I’m the type of person who gets just as excited for a trip to the grocery store as I do for a spa day. I’m sure that seems odd to most, but there’s something so relaxing and satisfying about cruising up and down the aisles, browsing through vibrant produce and discovering new products and goods. During one of my most recent ventures to the market, I noticed a bunch of potatoes with magenta skin poking through the yams and yukon golds. After a quick Google search, I learned that they’re called Japanese sweet potatoes and are of the Murasaki variety. I also read that they have a very different taste and texture than more popular potatoes.
After experimenting with these little purple beauties, I can confirm that Japanese potatoes are unlike any other potato I’ve ever had. The inner white flesh has a nutty, earthy taste with a very subtle sweetness—they’re kind of like the best possible combination of a russet potato and a yam. Whether baked, fried, sauteed or mashed, Japanese sweet potatoes come out perfectly every time, and since they’re a bit drier than regular potatoes, they get super browned and crisp in the oven.
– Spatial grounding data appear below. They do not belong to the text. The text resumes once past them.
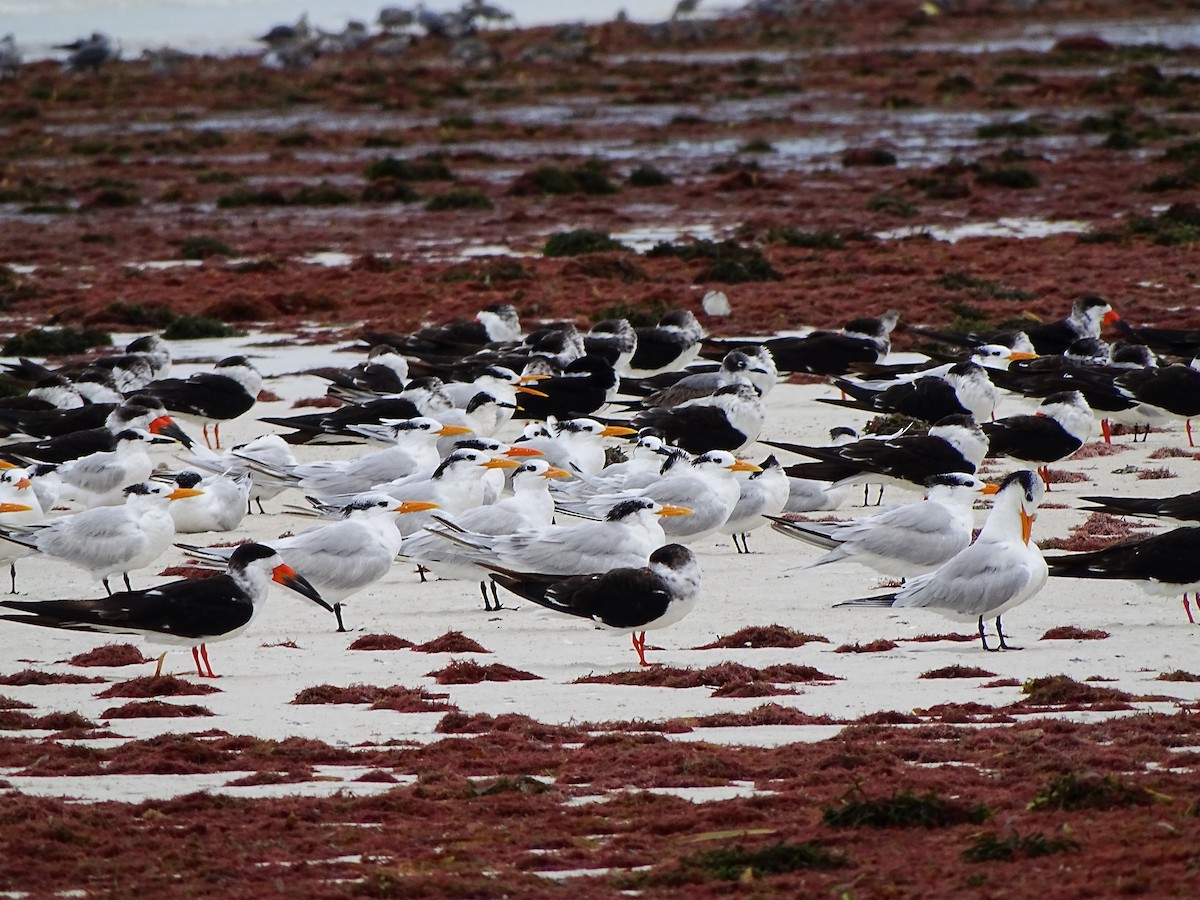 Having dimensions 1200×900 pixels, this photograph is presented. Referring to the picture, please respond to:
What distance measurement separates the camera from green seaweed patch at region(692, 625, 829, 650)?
10.1 meters

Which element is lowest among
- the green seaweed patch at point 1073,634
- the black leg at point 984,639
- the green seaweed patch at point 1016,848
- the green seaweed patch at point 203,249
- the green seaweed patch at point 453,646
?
the green seaweed patch at point 1073,634

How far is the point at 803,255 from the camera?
26.1 meters

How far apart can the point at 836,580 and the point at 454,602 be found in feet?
8.34

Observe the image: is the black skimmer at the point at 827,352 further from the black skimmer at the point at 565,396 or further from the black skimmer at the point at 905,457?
the black skimmer at the point at 905,457

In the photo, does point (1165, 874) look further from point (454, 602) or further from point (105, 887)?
point (454, 602)

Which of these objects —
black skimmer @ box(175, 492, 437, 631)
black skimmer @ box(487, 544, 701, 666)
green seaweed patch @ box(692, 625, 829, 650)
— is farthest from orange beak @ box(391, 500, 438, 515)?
green seaweed patch @ box(692, 625, 829, 650)

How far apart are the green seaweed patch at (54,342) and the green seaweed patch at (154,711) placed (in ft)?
→ 42.2

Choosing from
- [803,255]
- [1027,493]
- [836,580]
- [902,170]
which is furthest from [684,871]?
[902,170]

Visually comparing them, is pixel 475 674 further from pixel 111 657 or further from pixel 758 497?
pixel 758 497

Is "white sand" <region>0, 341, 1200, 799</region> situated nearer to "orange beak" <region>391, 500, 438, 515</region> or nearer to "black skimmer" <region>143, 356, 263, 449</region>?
"orange beak" <region>391, 500, 438, 515</region>

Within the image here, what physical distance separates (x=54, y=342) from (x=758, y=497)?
1148 centimetres

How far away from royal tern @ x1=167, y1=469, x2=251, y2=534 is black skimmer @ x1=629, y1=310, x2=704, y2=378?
6.25m

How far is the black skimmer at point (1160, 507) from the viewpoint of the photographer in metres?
11.4

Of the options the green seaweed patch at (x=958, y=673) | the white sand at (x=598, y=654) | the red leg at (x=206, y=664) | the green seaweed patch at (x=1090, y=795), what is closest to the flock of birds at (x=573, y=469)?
the red leg at (x=206, y=664)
The first time I cooked with Japanese sweet potatoes, I decided to make some baked french fries to pair with homemade veggie burgers. I like my potato wedges to be a bit more hearty and rustic, so I usually leave the skin on. Not only did my baked fries taste delicious, but they were almost too beautiful to eat. When cooking Japanese sweet potatoes, the magenta skin becomes even more bold and colorful and the white flesh takes on a golden hue. To add even more flavor to my fries, I finished them off with a sprinkle of flaky sea salt and some dried rosemary. They were incredible. So much so that my husband requested I only buy Japanese sweet potatoes from here on out.
Since then, I’ve made countless meals with Japanese sweet potatoes as the star of the dish. From Mediterranean to Mexican, and even Italian, this starchy veggie is easy to incorporate into any cuisine. I’ve cooked them up with ground chorizo and jalapenos for spicy tacos or cut them into chips to dip into tzatziki and hummus.
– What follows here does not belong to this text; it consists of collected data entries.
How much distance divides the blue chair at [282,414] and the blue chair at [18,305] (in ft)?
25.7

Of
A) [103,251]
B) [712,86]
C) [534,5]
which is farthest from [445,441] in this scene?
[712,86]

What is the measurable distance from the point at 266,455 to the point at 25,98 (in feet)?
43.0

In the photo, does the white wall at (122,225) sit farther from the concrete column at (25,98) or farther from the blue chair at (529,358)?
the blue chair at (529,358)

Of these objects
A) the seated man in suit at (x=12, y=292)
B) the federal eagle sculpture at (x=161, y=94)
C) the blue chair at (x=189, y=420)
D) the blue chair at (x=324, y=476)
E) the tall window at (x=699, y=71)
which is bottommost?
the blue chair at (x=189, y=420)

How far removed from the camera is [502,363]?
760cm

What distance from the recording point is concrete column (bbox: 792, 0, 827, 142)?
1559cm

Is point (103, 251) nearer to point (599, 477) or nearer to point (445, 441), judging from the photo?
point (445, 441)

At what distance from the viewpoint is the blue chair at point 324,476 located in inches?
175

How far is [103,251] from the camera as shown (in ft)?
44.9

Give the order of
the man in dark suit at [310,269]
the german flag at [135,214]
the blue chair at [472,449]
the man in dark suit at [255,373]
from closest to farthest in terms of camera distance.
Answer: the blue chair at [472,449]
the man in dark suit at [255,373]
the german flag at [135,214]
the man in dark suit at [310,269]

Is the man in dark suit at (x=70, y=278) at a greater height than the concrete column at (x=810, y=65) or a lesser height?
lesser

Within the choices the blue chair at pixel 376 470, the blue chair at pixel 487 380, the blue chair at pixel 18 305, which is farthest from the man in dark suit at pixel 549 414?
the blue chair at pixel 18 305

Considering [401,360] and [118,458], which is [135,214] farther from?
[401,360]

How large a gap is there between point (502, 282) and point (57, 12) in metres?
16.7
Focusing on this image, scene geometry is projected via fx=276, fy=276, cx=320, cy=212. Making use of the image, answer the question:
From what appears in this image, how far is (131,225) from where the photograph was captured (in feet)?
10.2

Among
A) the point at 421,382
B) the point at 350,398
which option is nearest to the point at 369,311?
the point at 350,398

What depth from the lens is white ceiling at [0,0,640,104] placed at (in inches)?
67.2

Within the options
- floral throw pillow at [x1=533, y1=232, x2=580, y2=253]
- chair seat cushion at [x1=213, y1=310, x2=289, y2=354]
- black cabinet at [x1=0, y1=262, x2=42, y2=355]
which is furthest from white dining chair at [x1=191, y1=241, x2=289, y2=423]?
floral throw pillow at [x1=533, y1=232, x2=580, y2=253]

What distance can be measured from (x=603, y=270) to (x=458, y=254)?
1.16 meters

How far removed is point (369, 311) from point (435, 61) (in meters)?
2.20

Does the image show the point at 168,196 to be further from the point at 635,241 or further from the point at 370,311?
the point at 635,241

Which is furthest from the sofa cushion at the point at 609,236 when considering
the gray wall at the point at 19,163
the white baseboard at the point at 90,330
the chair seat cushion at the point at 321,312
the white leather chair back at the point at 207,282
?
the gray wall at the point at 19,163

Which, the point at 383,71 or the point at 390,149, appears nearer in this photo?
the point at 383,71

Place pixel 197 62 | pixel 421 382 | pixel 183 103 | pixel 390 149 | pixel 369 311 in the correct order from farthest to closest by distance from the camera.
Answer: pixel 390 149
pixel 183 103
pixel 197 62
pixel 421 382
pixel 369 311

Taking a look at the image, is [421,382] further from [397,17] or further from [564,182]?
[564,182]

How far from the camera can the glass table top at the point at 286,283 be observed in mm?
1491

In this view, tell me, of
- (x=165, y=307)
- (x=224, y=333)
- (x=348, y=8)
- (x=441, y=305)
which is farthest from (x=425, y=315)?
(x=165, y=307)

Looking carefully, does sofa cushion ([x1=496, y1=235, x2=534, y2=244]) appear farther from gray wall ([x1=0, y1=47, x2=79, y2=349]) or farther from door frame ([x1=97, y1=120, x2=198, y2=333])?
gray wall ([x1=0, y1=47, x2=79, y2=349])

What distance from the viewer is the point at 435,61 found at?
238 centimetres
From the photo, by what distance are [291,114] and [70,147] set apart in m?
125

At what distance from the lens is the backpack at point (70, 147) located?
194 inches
I always make sure I have Japanese sweet potatoes on hand each week because they’re a great addition to any meal. Create a nourishing breakfast hash with cubed sweet potato, ground sausage, and a sunny-side up egg. Get creative with a Japanese sweet potato PB&J by making “toast” with a generous schmear of almond butter and jelly, or make a classic baked potato with all of your favorite fillings. You really can’t go wrong with whatever you choose.